We believe that we will be able to refinance our maturing debt obligations on a secured or unsecured basis; however, to the extent we are unable to refinance our debt as it matures, we believe that we will be able to repay such maturing debt from operating cash flow, asset sales and/or the proceeds from equity issuances. With respect to any refinancing of maturing debt, our future cash flow requirements could be impacted by significant changes in interest rates or other debt terms, including required amortization payments.
Inflation
Substantially all of the leases at the Properties allow for monthly or annual rent increases which provide us with the opportunity to achieve increases, where justified by the market, as each lease matures. Such types of leases generally minimize our risks of inflation. In addition, our resort Properties are not generally subject to leases and rents are established for these sites on an annual basis. Our right-to-use contracts generally provide for an annual dues increase, but dues may be frozen under the terms of certain contracts if the customer is over 61 years of age.
37
Off Balance Sheet Arrangements
As of
June 30, 2014
, we have no off balance sheet arrangements.
Funds From Operations
Funds from Operations (“FFO”)
is a non-GAAP financial measure. We believe FFO, as defined by the Board of Governors of the National Association of Real Estate Investment Trusts (“NAREIT”), is generally an appropriate measure of performance for an equity REIT. While FFO is a relevant and widely used measure of operating performance for equity REITs, it does not represent cash flow from operations or net income as defined by GAAP, and it should not be considered as an alternative to these indicators in evaluating liquidity or operating performance.

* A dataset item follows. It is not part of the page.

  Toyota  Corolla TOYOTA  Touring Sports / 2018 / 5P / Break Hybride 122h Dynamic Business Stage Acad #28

We define FFO as net income, computed in accordance with GAAP, excluding gains and actual or estimated losses from sales of Properties, plus real estate related depreciation and amortization, impairments, if any, and after adjustments for unconsolidated partnerships and joint ventures. Adjustments for unconsolidated partnerships and joint ventures are calculated to reflect FFO on the same basis. We receive up-front non-refundable payments from the entry of right-to-use contracts. In accordance with GAAP, the up-front non-refundable payments and related commissions are deferred and amortized over the estimated customer life. Although the NAREIT definition of FFO does not address the treatment of non-refundable right-to-use payments, we believe that it is appropriate to adjust for the impact of the deferral activity in our calculation of FFO.

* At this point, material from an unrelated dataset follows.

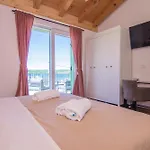 Vila Marin Klimno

Normalized Funds from Operations (“Normalized FFO”) is a non-GAAP measure. We define Normalized FFO as FFO excluding the following non-operating income and expense items: a) the financial impact of contingent consideration; b) gains and losses from early debt extinguishment, including prepayment penalties and defeasance costs; c) property acquisition and other transaction costs related to mergers and acquisitions; and d) other miscellaneous non-comparable items.

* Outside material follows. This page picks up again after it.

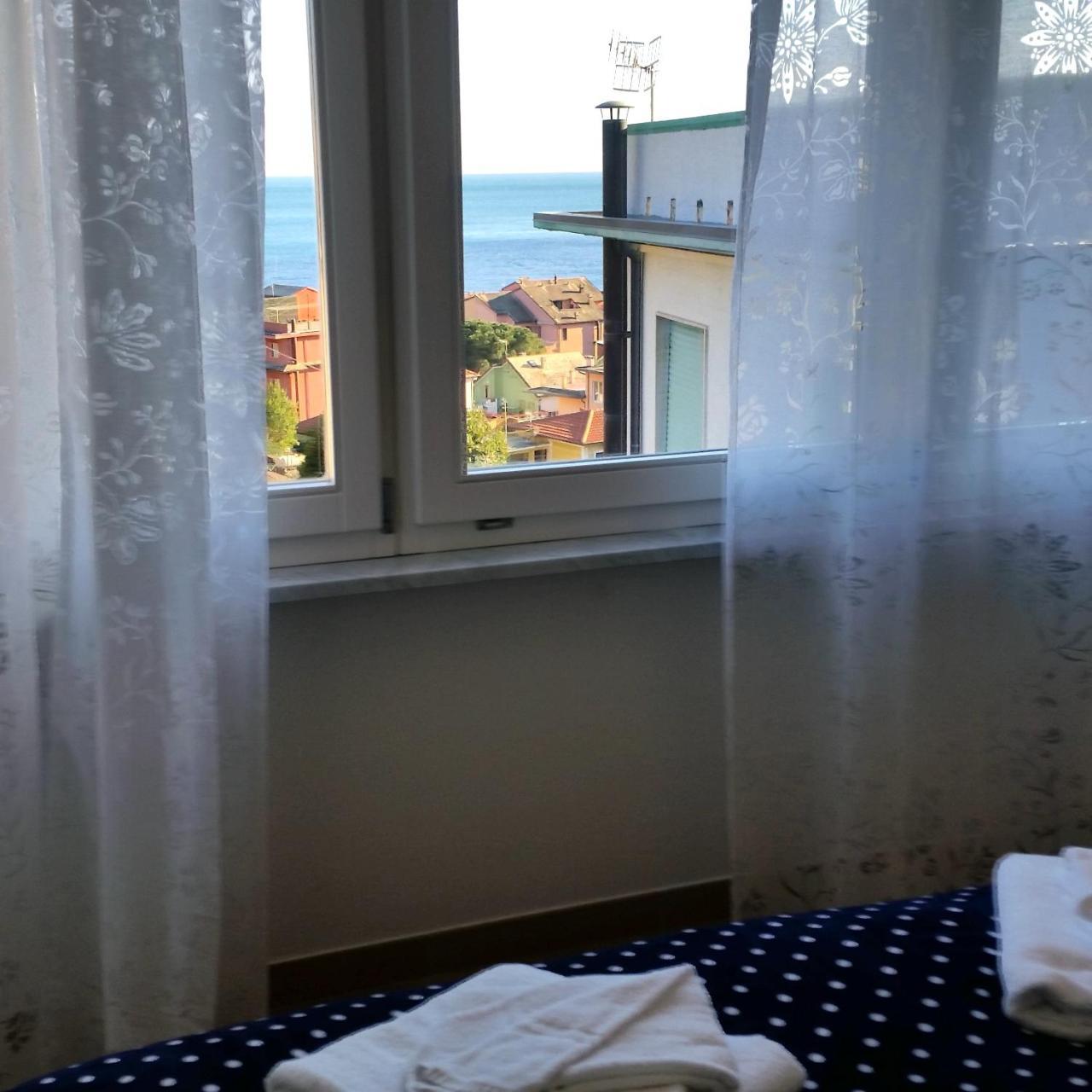 Stunning Seaview Apartment Monterosso al Mare Extérieur photo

We believe that FFO and Normalized FFO are helpful to investors as supplemental measures of the performance of an equity REIT. We believe that by excluding the effect of depreciation, amortization and actual or estimated gains or losses from sales of real estate, all of which are based on historical costs and which may be of limited relevance in evaluating current performance, FFO can facilitate comparisons of operating performance between periods and among other equity REITs. We further believe that Normalized FFO provides useful information to investors, analysts and our management because it allows them to compare our operating performance to the operating performance of other real estate companies and between periods on a consistent basis without having to account for differences not related to our operations. For example, we believe that excluding the early extinguishment of debt, property acquisition and other transaction costs related to mergers and acquisitions and the change in fair value of our contingent consideration asset from Normalized FFO allows investors, analysts and our management to assess the sustainability of operating performance in future periods because these costs do not affect the future operations of the Properties. In some cases, we provide information about identified non-cash components of FFO and Normalized FFO because it allows investors, analysts and our management to assess the impact of those items.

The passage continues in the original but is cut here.